After acquiring content from a source it needs to be analyzed. Ideally the content comes directly from a content management system including associated metadata and thus is free of any user interface components, advertising etc.. Unfortunately this is most often not the case.

Depending on system capabilities and accessibility private content sources normally deliver an entire data set consisting of raw data plus associated meta data (author, access rights, usage rights, source, references, tags …). In contrast public content sources in general deliver data in an unstructured form. Meta data is either mixed into the content or missing at all.

So in a first step non-content related data needs to be detected and eliminated. Content elements need to be identified. The remaining content needs to be tagged, categorized and indexed.

Relevancer’s Analysis Engine performs these tasks in four steps:

Content Purification

In a first step non-content related data such as ads, user interface controls, linked content etc. is identified and eliminated based on intelligent content recognition algorithms.

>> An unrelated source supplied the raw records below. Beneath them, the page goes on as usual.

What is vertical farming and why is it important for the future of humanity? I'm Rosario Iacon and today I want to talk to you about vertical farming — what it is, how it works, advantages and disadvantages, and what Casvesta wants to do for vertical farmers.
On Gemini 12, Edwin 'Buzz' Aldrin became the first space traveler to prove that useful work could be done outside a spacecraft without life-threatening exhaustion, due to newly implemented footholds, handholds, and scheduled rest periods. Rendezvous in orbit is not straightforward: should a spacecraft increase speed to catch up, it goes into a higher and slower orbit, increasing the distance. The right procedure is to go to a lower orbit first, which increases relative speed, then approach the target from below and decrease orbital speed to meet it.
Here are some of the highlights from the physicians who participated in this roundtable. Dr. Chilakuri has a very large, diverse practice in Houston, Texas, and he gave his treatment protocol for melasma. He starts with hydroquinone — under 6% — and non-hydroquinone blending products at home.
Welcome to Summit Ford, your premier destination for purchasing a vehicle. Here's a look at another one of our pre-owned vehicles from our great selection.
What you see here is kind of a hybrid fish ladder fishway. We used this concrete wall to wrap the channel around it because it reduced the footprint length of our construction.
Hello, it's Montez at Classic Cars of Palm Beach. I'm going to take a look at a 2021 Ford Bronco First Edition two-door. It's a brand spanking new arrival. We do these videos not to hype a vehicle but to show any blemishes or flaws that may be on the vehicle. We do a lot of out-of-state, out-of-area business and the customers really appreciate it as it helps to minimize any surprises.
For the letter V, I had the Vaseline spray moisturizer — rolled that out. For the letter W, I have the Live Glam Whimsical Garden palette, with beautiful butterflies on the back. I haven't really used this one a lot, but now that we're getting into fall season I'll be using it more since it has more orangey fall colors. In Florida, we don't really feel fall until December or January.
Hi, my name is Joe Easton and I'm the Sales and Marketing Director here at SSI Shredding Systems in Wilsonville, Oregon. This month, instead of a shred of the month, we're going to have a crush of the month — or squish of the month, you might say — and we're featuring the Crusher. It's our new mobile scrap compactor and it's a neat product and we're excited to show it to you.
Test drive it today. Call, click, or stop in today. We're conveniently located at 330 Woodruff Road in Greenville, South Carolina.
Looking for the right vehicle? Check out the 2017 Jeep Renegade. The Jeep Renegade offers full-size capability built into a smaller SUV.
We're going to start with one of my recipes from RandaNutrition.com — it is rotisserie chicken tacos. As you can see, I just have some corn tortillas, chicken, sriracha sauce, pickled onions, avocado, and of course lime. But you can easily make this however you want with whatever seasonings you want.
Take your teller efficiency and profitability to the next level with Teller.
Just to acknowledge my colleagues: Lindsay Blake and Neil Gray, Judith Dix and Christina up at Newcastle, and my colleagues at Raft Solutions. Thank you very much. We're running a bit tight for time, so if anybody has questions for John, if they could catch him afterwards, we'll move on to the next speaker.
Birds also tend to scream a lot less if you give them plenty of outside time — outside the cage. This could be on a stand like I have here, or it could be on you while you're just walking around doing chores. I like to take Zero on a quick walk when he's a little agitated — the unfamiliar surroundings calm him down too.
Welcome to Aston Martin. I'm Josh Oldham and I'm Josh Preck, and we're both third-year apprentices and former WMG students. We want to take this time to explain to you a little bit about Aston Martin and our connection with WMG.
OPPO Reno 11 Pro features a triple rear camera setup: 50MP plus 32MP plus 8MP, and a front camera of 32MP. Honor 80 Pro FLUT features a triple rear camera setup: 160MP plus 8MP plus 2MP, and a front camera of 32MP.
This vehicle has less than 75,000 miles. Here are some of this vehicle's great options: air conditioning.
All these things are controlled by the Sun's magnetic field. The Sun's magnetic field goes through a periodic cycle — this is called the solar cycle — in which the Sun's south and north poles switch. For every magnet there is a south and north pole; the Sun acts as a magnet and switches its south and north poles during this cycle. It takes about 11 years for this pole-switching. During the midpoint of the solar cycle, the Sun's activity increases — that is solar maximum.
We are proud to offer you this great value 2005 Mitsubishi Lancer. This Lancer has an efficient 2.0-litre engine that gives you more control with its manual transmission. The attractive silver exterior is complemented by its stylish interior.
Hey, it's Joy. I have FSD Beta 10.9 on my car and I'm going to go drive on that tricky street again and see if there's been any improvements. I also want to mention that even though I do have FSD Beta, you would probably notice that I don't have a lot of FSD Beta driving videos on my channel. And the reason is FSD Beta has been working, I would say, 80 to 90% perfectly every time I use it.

Content Element Identification

Content elements such as headline, subhead, byline, lead, body, pictures, videos are detected and source, location and publishing date are registered. Finally the purified content is stored in a database together with the related meta data.

Semantic Analysis

Now stop words are eliminated based on stop word lists and ontologies. The remaining content is analyzed using semantic technologies. Based on their relation, position in sentences and statistical analysis correlations between terms are detected and represented in mathematical form.

Tagging, Categorizing and Indexing

Using the result of the semantic analysis tags are defined, the content is linked to categories and indexed for high-performance search.

Relevancer’s Analysis Engine performs semantic analysis in 21 languages and processes up to 500,000 documents per CPU. The generated index delivers semantic search results within less than 1 second even for very large data sets.